From: Peter Rivard
Date: Thu Apr 3, 2003 12:07:33 AM Japan
To: Newsletter
Subject: Another evening takes a 90° turn

Hi, all,

       After a "teaching" session with one of my adult students tonight, I decided to head out for a beer. It was too late to make it to the places I usually go, near my schools, so I tried for a place I'd driven by on my way out of town to the west (on my way to Go-chu); being a bar, it was closed by 9:30. Goddamn farmers. So I tried again to the east, more towards the center of town, and got lucky half a mile from home.
       Now, I'm not vain enough to think that all conversation should stop and focus on me the moment I part the curtains of a small, local watering hole, but just as a stranger (never mind a foreigner) a little bit of friendly attention is welcome. This time, I found myself nursing a beer, waiting for the snack I'd ordered, being surprised that, aside from the proprietor, I'd had no friendly "Hellos" at all. There were two pairs of patrons deep in conversation.
       Finally, the middle-aged guy next to me got up to use the toilet, and the older fellow he'd been chatting with started to talk to me. From there, I ended up talking to his younger friend when he got back, and soon the younger guy invited me to come to his house to meet his wife and daughter; I protested a while--too tired, it was too late, I'm sure he had to work tomorrow, etc.--but I eventually gave in, and soon enough he said, "Let's go." I stopped to pay my bill, but he kept telling me not to bother, and as I protested more seriously, he actually dragged me out the door, me losing my firm grip on the corner as the proprietor wondered what to do, leaving my bill to go on his tab.

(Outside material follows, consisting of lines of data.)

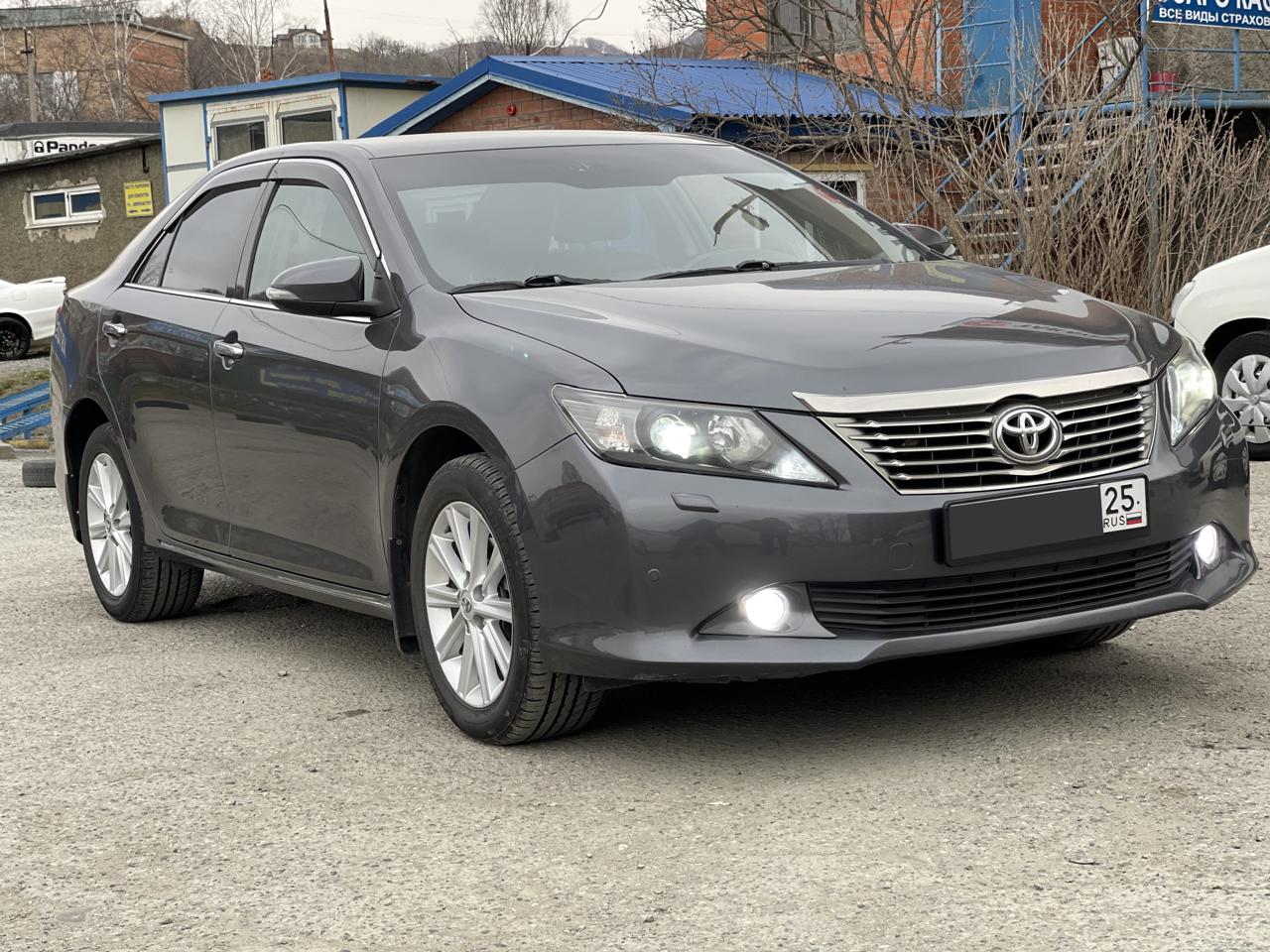 TOYOTA Camry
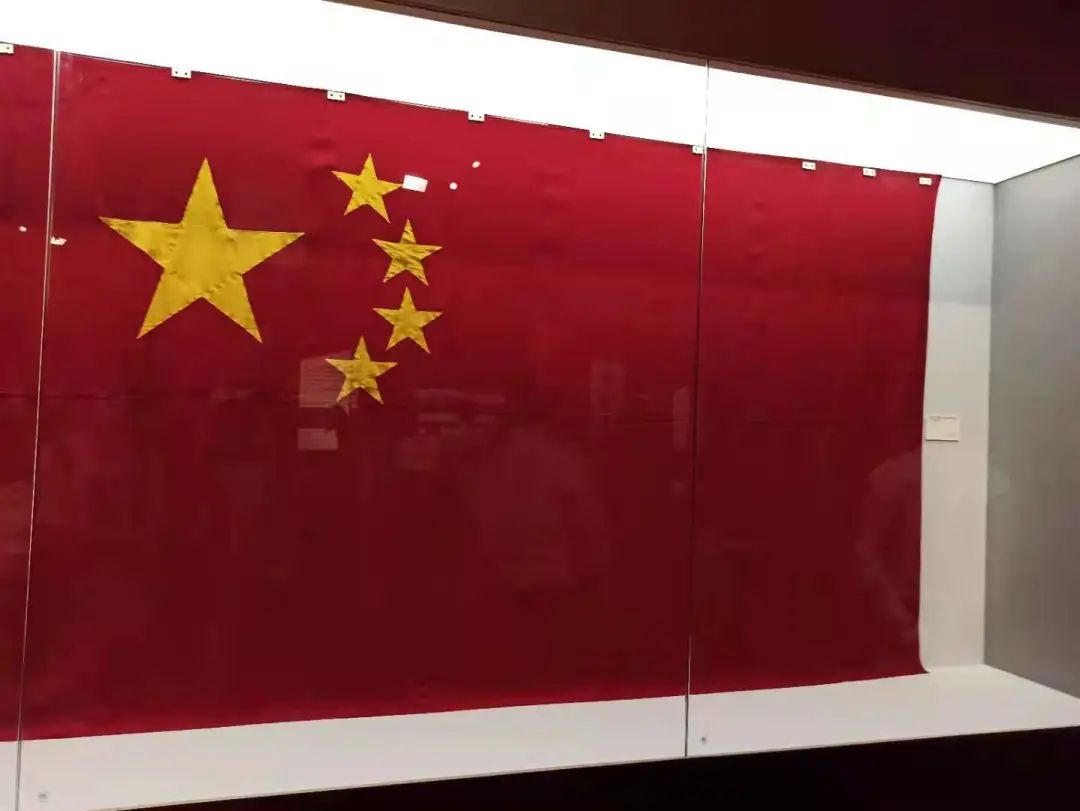纽约华侨衣馆联合会1949年制作的五星红旗.吴侃 摄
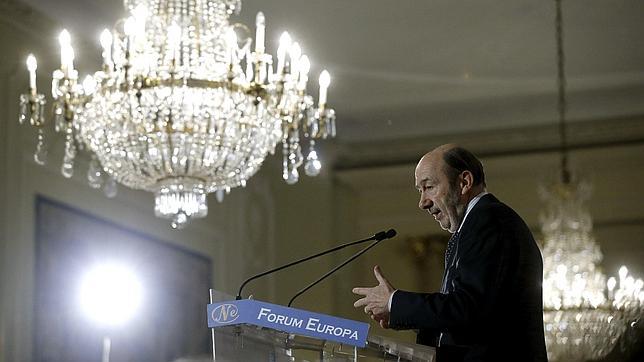 Los españoles dan la espalda a la vía federal que propone Rubalcaba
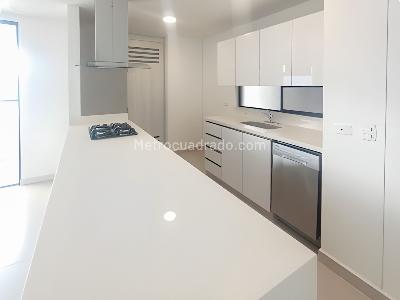 Apartamento en venta en Castropol, Medellín · foto 4 de 10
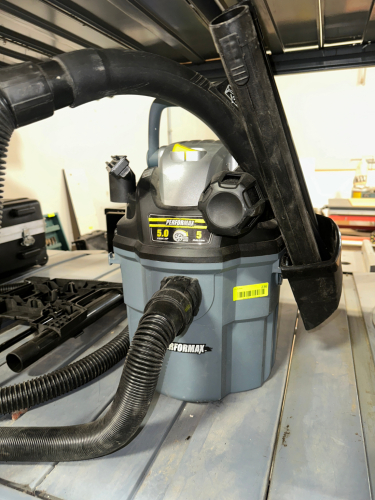 5 GALLON SHOP VACUUM.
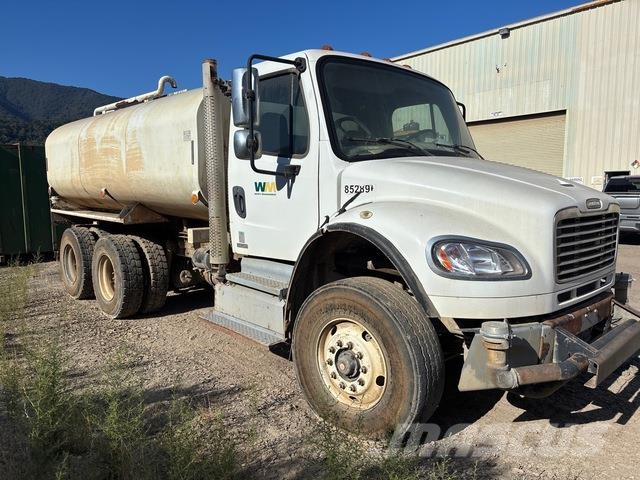 Freightliner M2 106 Tankvogne - vand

       Next thing I know, we're pulling up at his house, and I'm being greeted by a large (for Japan) dog that basically seemed to be a pit bull in a dalmation paint job and by some sort of tiny white doglet. The human members of the household were a bit shier, and in fact only came out for brief introductions and to bring us food and sake. I tried to draw out the seventeen year old daughter a bit, if only because I'd been brought back specifically to meet her, but to no avail. Other than responding to my attempts to get some of her junior high school English out of her, her interaction was limited to pouring booze for me, bringing in the food her mother was preparing (against my protests--and I really was trying to protest), and laughing behind the sliding screen to the next room when I or her father said something funny (my analysis of the causes of the current war seemed to be quite a bit more amusing than I'd expected). I think Hide, the guy, was a little disappointed that his womenfolk weren't fully appreciating the opportunity he'd brought home for them. He was friendly, interesting, and intelligent--really a nice guy. His wife and daughter were charming and beautiful, if shy. I even liked his dogs--the little one was quiet but eagerly friendly and the big one wasn't as scary as he looked.
       Then his wife drove me the short distance back to the bar, where I'd left my bike, and the evening was over. And really I'd just gone out to get a quick beer.